I keep seeing this in class and I don't understand why we add the log in there from time to time. For example we have regression model 1: $$1:\hat Y=-14.37+.321X_1+.043X_2-.0051X_3+.0035X_4$$ and then it says that we reestimate the model using the log form of $X_3$ and $X_4$ to get model 2: $$2:\hat Y=-36.30+.327X_1+.069X_2-4.74\log(X_3)+7.24\log(X_4)$$ what does the $\log$ do? In terms of affecting the regression and in terms of affecting the variables.

  • $\begingroup$ Sometimes people use log to bring a skewed variable to be more normal. Some inferences depend on the assumption of normal distribution. $\endgroup$
    – JACKY88
    Commented Oct 21, 2012 at 18:35
  • $\begingroup$ @Patrick so you're saying the log will "normalize" a variable? $\endgroup$
    – Kyle
    Commented Oct 21, 2012 at 21:11
  • $\begingroup$ It changes the dependence of $\hat Y$ on $X_3,X_4$. That may be a better reflection of reality. You can also try $X_3^2$, $\exp(X_4)$ or whatever makes a decent fit to your data. $\endgroup$
    – Ross Millikan
    Commented Oct 21, 2012 at 22:15
  • 2
    $\begingroup$ @PatrickLi there is no need for the x-variables to be normal $\endgroup$
    – Glen_b
    Commented Oct 21, 2012 at 23:55
  • 2
    $\begingroup$ Here are 2 CV questions that you may want to read: interpretation-of-log-transformed-predictor & In linear regression when is it appropriate to use the log of an independent variable instead of the actual values. $\endgroup$ Commented Oct 22, 2012 at 0:14

3 Answers 3


There are two sorts of reasons for taking the log of a variable in a regression, one statistical, one substantive.

Statistically, OLS regression assumes that the errors, as estimated by the residuals, are normally distributed. When they are positively skewed (long right tail) taking logs can sometimes help. Sometimes logs are taken of the dependent variable, sometimes of one or more independent variables.

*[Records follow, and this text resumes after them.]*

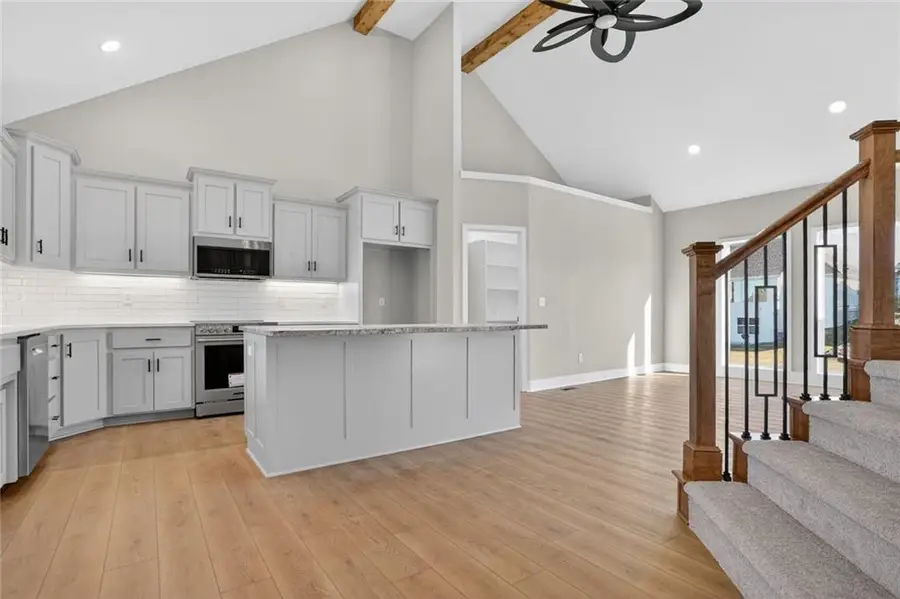 7040 NW Yulich Court, Parkville, MO 64152 - Image #2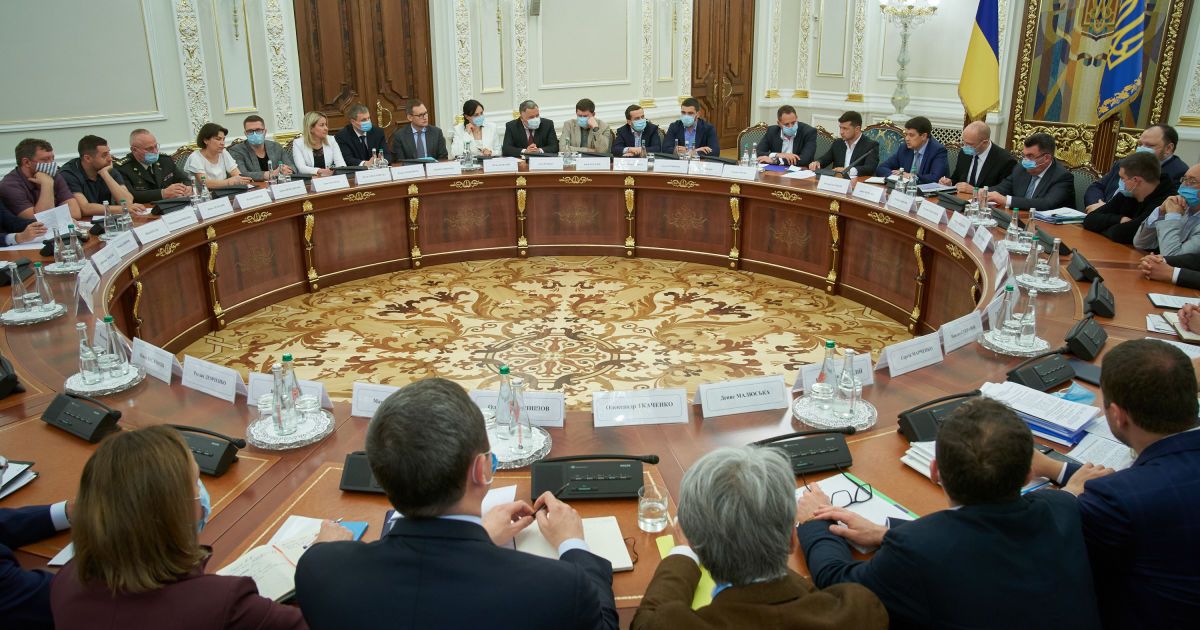 Готові до перездачі: уряд підготував оновлену програму своїх дій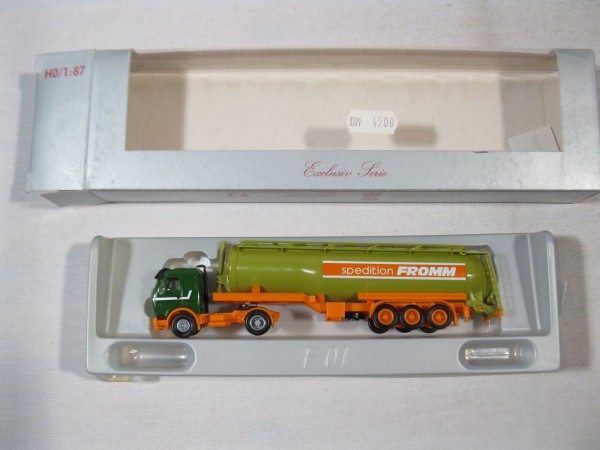 Herpa 811099 Mercedes Silo Sattelzug Spedition Fromm in OVP h273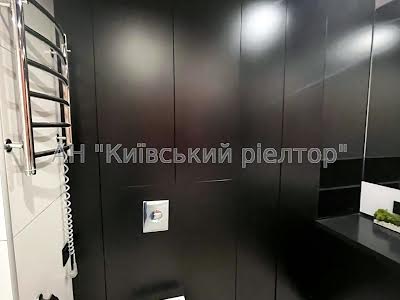 квартира по адресу Драгоманова ул., 2а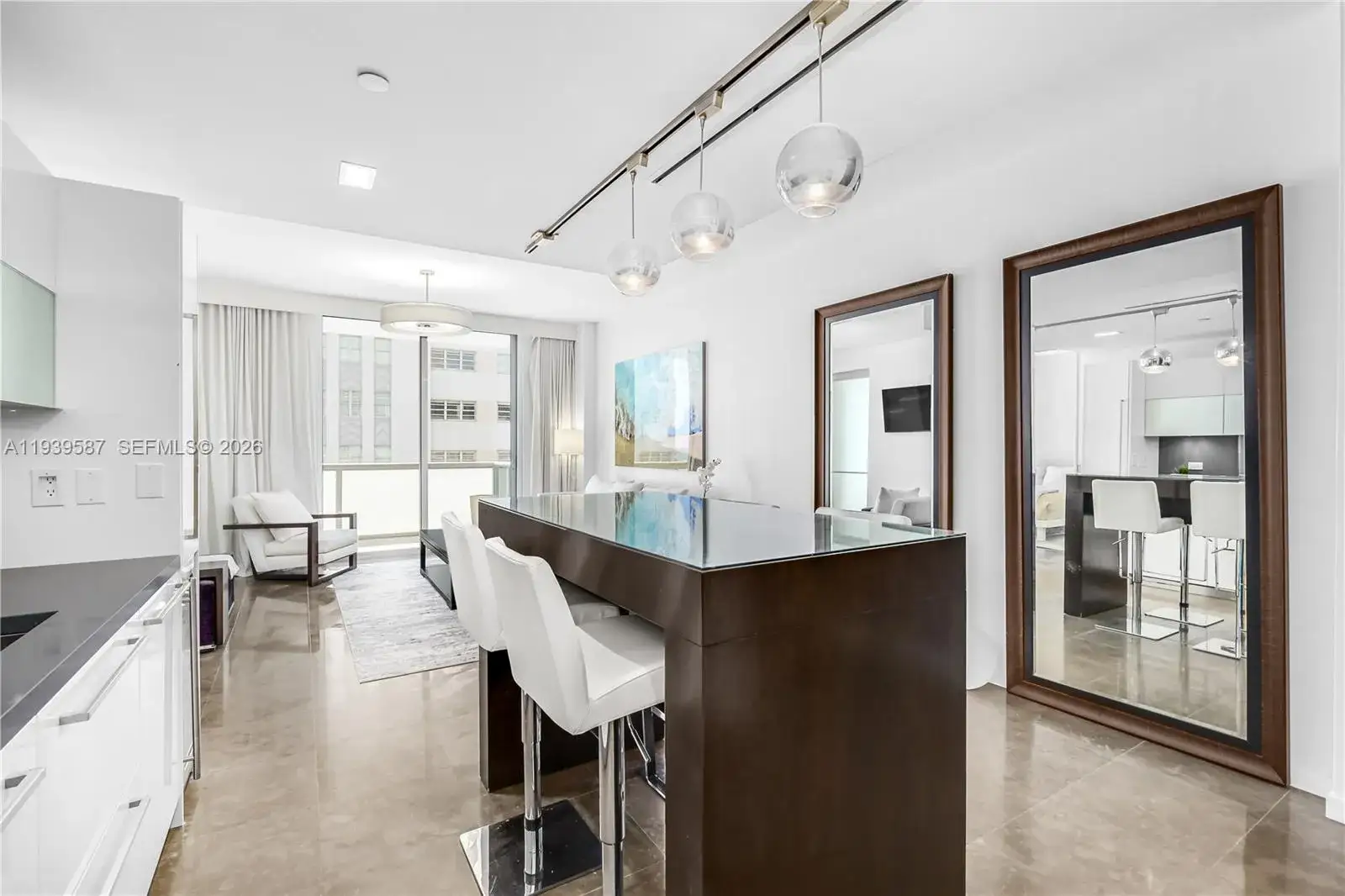 1 bedroom 1 bath Residential for sale at 220 21st St # 507, Miami Beach FL 33139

Substantively, sometimes the meaning of a change in a variable is more multiplicative than additive. For example, income. If you make \$20,000 a year, a \$5,000 raise is huge. If you make \$200,000 a year, it is small. Taking logs reflects this:

log(20,000) = 9.90
log(25,000) = 10.12
log(200,000) = 12.20
log(205,000) = 12.23

The gaps are then 0.22 and 0.03.

In terms of interpretation, you are now saying that each change of 1 unit on the log scale has the same effect on the DV, rather than each change of 1 unit on the raw scale.

  • 2
    $\begingroup$ @Kyle Clarification: The effects of removing skew and turning multiplicative relationships to additive ones only apply when you take logs of the dependent variable - neither effect applies to the specific details of your question, which had logs only on independent variables. However, it's important to know about those effects. $\endgroup$
    – Glen_b
    Commented Oct 22, 2012 at 21:42

Taking logs will make certain forms of relationship that look curved look linear or more nearly linear. Think of introducing new variables, $X_5 = \log(X_3)$ and $X_6 = \log(X_4)$ and then your model is linear in $X_1, X_2, X_5$ and $X_6$.

Sometimes these transformations are obvious from subject-matter considerations. Sometimes they're just chosen empirically.


This is an old question, but I often found myself looking for this specific interpretation in the past so I will add it here.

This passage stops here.